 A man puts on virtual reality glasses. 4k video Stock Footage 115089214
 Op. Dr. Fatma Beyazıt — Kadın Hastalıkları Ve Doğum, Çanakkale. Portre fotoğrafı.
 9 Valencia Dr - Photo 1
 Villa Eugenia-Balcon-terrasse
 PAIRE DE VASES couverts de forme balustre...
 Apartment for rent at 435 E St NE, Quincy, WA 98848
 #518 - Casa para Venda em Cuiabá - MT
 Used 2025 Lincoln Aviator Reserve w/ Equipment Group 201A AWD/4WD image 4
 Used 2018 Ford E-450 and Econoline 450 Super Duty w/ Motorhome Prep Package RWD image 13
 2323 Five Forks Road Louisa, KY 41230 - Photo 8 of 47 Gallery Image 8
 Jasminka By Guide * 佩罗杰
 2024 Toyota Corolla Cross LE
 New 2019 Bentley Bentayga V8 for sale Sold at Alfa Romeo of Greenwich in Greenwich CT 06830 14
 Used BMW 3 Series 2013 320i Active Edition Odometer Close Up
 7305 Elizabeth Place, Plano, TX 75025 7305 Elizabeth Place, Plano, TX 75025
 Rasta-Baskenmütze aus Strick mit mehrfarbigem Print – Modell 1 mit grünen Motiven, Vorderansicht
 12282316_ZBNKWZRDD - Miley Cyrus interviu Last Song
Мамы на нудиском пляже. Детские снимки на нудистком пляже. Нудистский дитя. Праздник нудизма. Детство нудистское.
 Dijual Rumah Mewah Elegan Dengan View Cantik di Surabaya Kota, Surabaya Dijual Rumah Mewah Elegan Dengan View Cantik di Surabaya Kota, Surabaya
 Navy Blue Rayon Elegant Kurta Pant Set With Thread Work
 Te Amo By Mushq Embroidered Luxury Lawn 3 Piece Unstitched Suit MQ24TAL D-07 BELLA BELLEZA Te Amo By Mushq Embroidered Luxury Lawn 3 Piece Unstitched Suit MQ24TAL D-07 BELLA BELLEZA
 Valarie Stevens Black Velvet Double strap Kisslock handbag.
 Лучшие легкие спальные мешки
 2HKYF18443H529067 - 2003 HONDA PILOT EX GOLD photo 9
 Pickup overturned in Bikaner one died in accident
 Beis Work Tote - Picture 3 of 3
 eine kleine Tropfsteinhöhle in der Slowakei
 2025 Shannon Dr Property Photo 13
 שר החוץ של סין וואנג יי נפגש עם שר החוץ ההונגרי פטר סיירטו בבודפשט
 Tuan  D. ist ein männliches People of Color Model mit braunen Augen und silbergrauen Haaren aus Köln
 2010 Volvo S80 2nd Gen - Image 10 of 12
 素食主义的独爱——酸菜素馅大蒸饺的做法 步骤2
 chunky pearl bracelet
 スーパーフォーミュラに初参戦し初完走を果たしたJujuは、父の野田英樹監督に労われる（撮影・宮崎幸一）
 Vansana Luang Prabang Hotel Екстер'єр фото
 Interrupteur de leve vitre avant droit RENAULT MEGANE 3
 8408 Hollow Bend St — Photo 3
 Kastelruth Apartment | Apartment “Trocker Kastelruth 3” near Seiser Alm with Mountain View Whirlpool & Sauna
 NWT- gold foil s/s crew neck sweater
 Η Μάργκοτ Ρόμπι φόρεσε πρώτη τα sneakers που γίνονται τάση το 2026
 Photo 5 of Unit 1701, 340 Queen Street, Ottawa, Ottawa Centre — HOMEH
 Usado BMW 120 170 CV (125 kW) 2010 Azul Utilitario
■ ■ ■ ■
WHAT IS NEEDED:
Looking at the material above, please copy exactly every line from its first line through the line containing "Used 2018 Ford", with both ends included and nothing else.

ANSWER TO THIS PROBLEM:
 A man puts on virtual reality glasses. 4k video Stock Footage 115089214
 Op. Dr. Fatma Beyazıt — Kadın Hastalıkları Ve Doğum, Çanakkale. Portre fotoğrafı.
 9 Valencia Dr - Photo 1
 Villa Eugenia-Balcon-terrasse
 PAIRE DE VASES couverts de forme balustre...
 Apartment for rent at 435 E St NE, Quincy, WA 98848
 #518 - Casa para Venda em Cuiabá - MT
 Used 2025 Lincoln Aviator Reserve w/ Equipment Group 201A AWD/4WD image 4
 Used 2018 Ford E-450 and Econoline 450 Super Duty w/ Motorhome Prep Package RWD image 13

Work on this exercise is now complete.